Fransa’nın güney-batısın­da, Bask ülkesinde, güzel mi güzel bir kasaba­da, bir malika­nenin üç saki­ni. Saki­ni dediy­sem de aslın­da onlar bu malika­nenin sahip­leri, zira günün ayarını onlar yapıyor.


Türkçe | Français

Bu sabah da hemen hemen bütün sabahlar gibi kapım­da pati­leri ile kapıya doku­narak “hay­di Erco kalk, ben açım” diyen Soré’nin bağırışları ile uyandım. Kışın Soré ve Çiya malika­nenin bir­in­ci katın­da, kuyruk­lu piyanonun olduğu, şömineyi yak­tığımız büyükçe salon­da uyurlardı, o zaman­lar biraz daha rahat oluy­or­du ben­im için, zira biy­olo­jik saa­time göre uyanıp aşağıya iner, ve sabah için yiye­cek­leri­ni verirdim. Ancak havaların ısın­ması ile bütün salon­lar, odalar, çatı katı dahil her yere yerleştiler.

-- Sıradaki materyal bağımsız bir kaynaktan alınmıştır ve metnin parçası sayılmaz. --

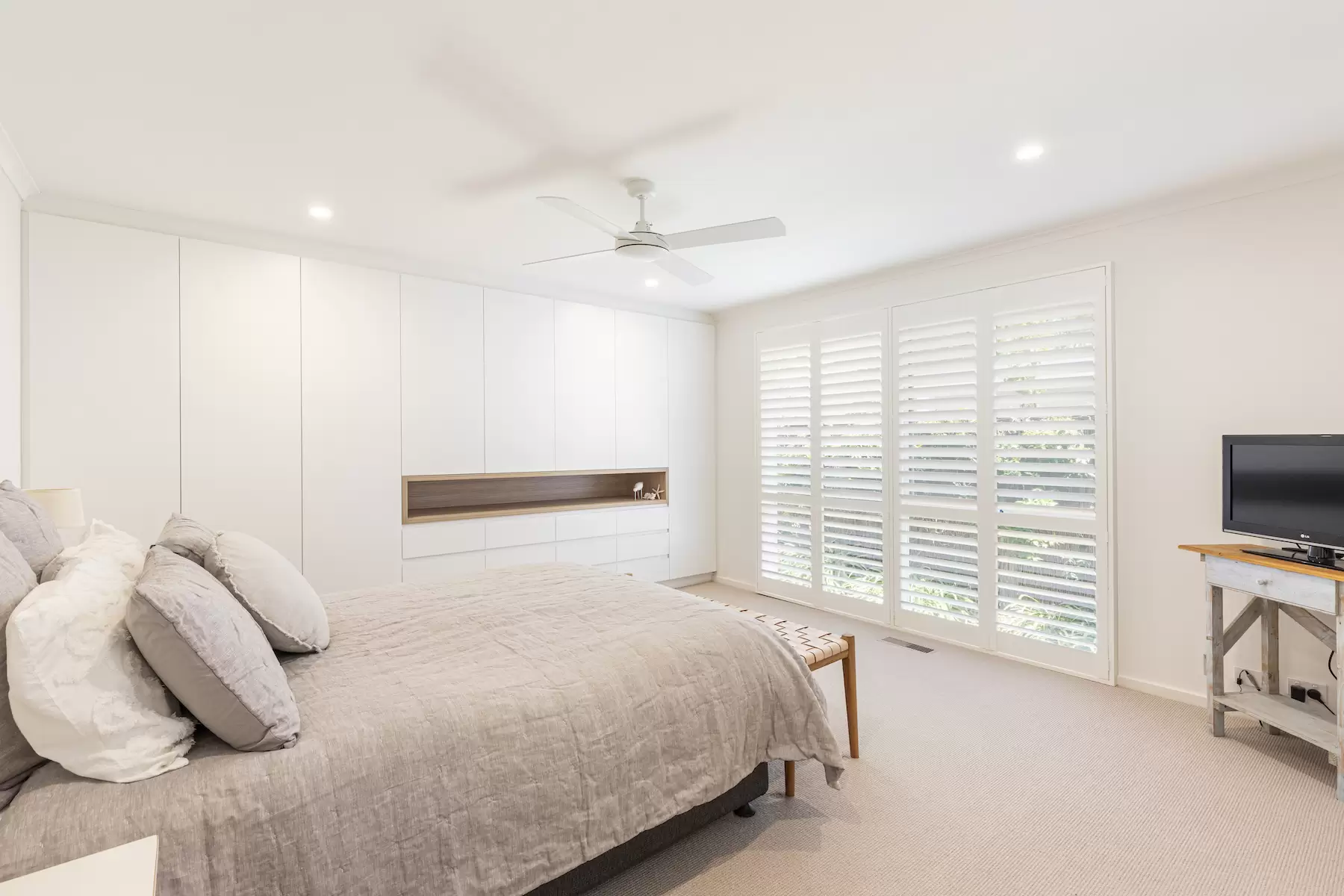 18/117 Denison Road, Gordon - Thumbnail 7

Şim­di biraz kendi­leri­ni tanı­tayım. Xuç­ka oni­ki yıldır, bebek­liğin­den beri bu evde yaşar. Ade­ta, evin insan ahal­isi, “Joseph ve Samuel’i ben büyüt­tüm” havaların­da. Sanırım bizde bir yılın karşılığı onlar­da çarpı yedi oluyor.

Bu eve ilk geldiğimde, ki bu bir yıl kadar öncey­di, Xuçka’nın bu evin gerçek sahibi olduğunu öğren­miş­tim. Sakin, ken­di halinde, zaman zaman sevil­erek şımartılan, zaman zaman da Joseph’in “Xuçkaaaa!” bağrışları ile ortadan kay­bolan bir hali vardı. Bir anda ortadan kay­bol­ma­da ben­im kadar olmasa da, Çiya ile yarışır bir halde Xuç­ka. Sim­siyah ren­k­ler­ine boy­nunun altı­na gizlediği bir öbek beyaz ile ade­ta penguen­lerin giy­dik­lerinden giy­in­miş gibi.

Çiya ve Soré, geçen yaz, bir avuç kadar olmayı tamam­ladık­ların­da bu eve geldil­er. Yani daha bir yıl bile olmadı. İlk tep­ki ve en büyük tep­ki Xuçka’dan gel­di. Sevme­di, isteme­di bun­ları. Ancak hem Çiya hem de Soré henüz isten­memenin ne demek olduğunu bile­cek yaş­ta değiller­di. Xuçka’nın her homur­danışını oyun bel­leyip ken­disi ile inat­la oyu­na girdil­er, ta ki Xuçka’nın “yeter” diy­erek mey­danı terk etme­sine kadar. Çiya biraz hızlı, Soré ise daha yavaş keşif yapıy­or, malika­nenin bahçesi­ni, evin kat­larını yavaş yavaş tanı­maya çalışıyorlardı.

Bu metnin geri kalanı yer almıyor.